Recommendation and Review: Making Senses Out of Scripture by Mark P. Shea
January 9, 2008 by iMonk
A large part of my ministry is involved in teaching Bible survey to high school students. Last year, I expanded that ministry to teaching an adult Bible survey course. Along the way, I’ve been on the lookout for resources that accomplish some of the important tasks involved in teaching an overview and basic understanding of the Bible. In the past, I’ve recommended books like the Ryken Bible Handbook as helpful to anyone wanting a basic Bible textbook. I’ve also endorsed the ESV Literary Study Bible, which contributes much of the same material in a no-headings Biblical text format.
I’ve been on the lookout for a book that embodies my own approach to the Bible as a whole, resolves some of the important misconceptions and problems people bring to the Bible and, most importantly, containing a basic, readable, thematic overview of the Bible in approximately a hundred pages. Many of you will be surprised to hear that I’ve found an excellent book covering those areas and others in Mark Shea’s Making Senses Out of Scripture.

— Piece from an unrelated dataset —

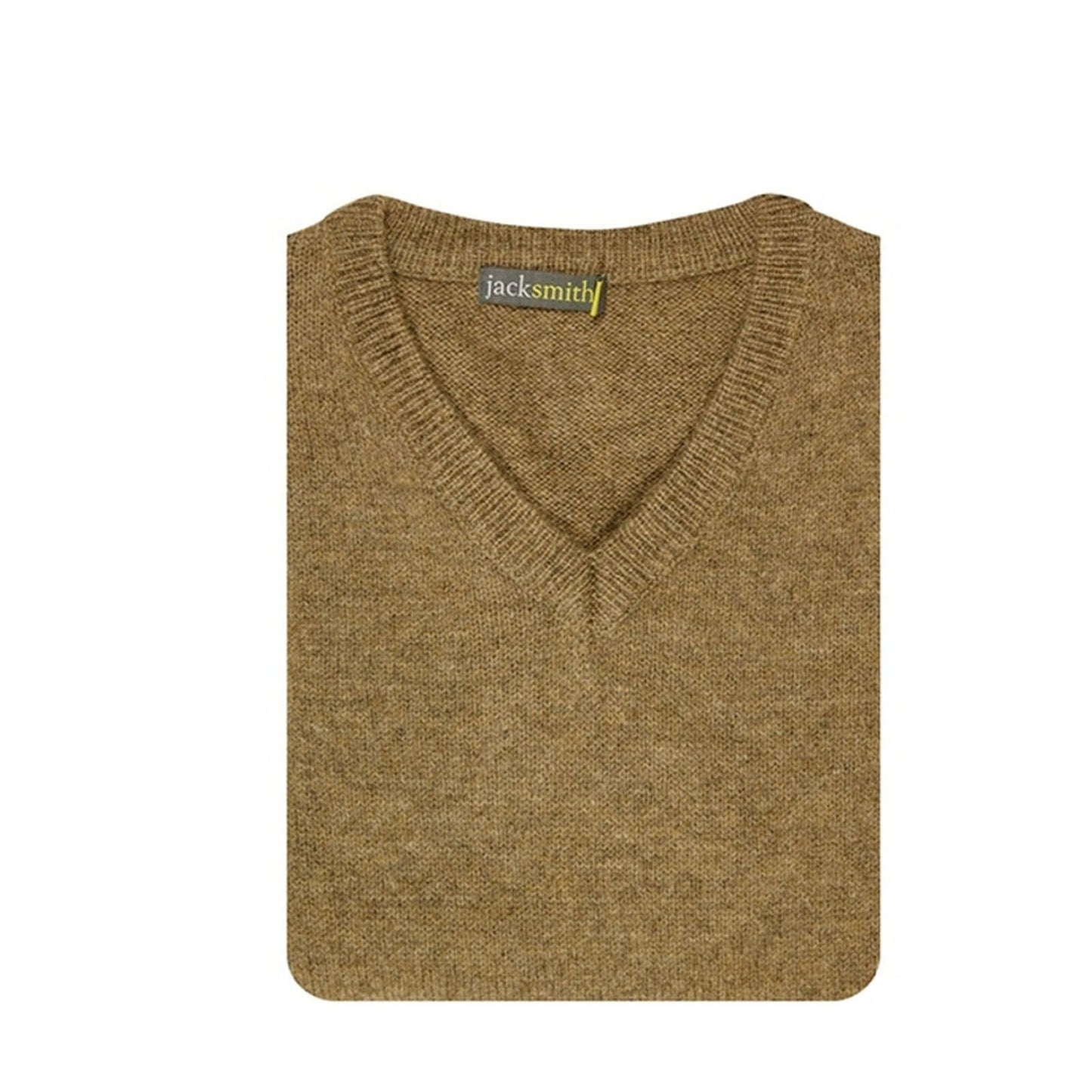100 Shetland Ragg Wool V Neck Knit Jumper Pullover Mens Sweater Knitted Nutmeg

Yes, Shea is a Roman Catholic writer and apologist. He’s the senior content editor at Catholic Exchange, a well-known podcaster and a popular Catholic writer. If you need your Biblical resources laundered at the Reformation laundry, then you probably should pass. If, however, you can admit that some excellent Biblical scholarship resides among Roman Catholics, you’ll appreciate resources like Making Senses Out of Scripture.
The strongest suit of this book is the first 150 pages, where Shea introduces the concept of revelation, and then moves through the Biblical history in one of the most well-written, short format summaries I’ve ever read. Along the way, Shea pays attention to the covenants and themes of the Old Testament and their fulfillment in the New. This is practicing the Christ-centered approach to the entire Bible in a helpful, easy to follow way.
Shea uses outstanding illustrations to convey what we have in Biblical revelation and how that revelation interprets itself through the “key” of Jesus Christ. The Christ-centeredness of Shea’s summary builds off his understanding of the tensions and unanswered promises of the older Testament. He gives the proper emphasis to Christ as the interpretative answer to various themes raised in the Hebrew Bible.
For the Bible survey teacher who wants his/her students to have the “big picture,” Shea’s book does a good job in a brief and well-written effort. Other books, like The Drama of Scripture, give a book length Biblical overview with far more theological depth. Shea’s overview could be assigned on one day and discussed the next.
The second half of the book deals with the four “senses” of scripture commonly used in Catholic Biblical interpretation: literal, allegorical, moral and anagogical. This discussion, far from being a rehash of St. Thomas Aquinas, teaches the kind of broad and richly suggestive approach to the scriptures we often read in the New Testament itself, as well as in the early church fathers.
If I were to make a list of introductory and interpretative issues that I personally want to deal with in Bible survey, from how the Bible compares to science to how to interpret the boring parts, Shea has been immensely helpful. If you are prepared to read with an awareness of how Roman Catholics approach and use the Bible differently than Protestants, this book will be useful.
I would like to mention some points of interest to Protestants who may read this book.
1) Shea isn’t a bashful Catholic. He sojourned with evangelicals for a while and he knows where to address issues of evangelical weakness. Rarely is he off base about evangelicalism, though there is a tendency to resort to shorthand that can approach caricature. Still, I give him high marks for fairness. I wouldn’t recommend the book if it weren’t fair and helpful. Still, the book occasionally shows that misperceptions persist in Protestant-Catholic discussions.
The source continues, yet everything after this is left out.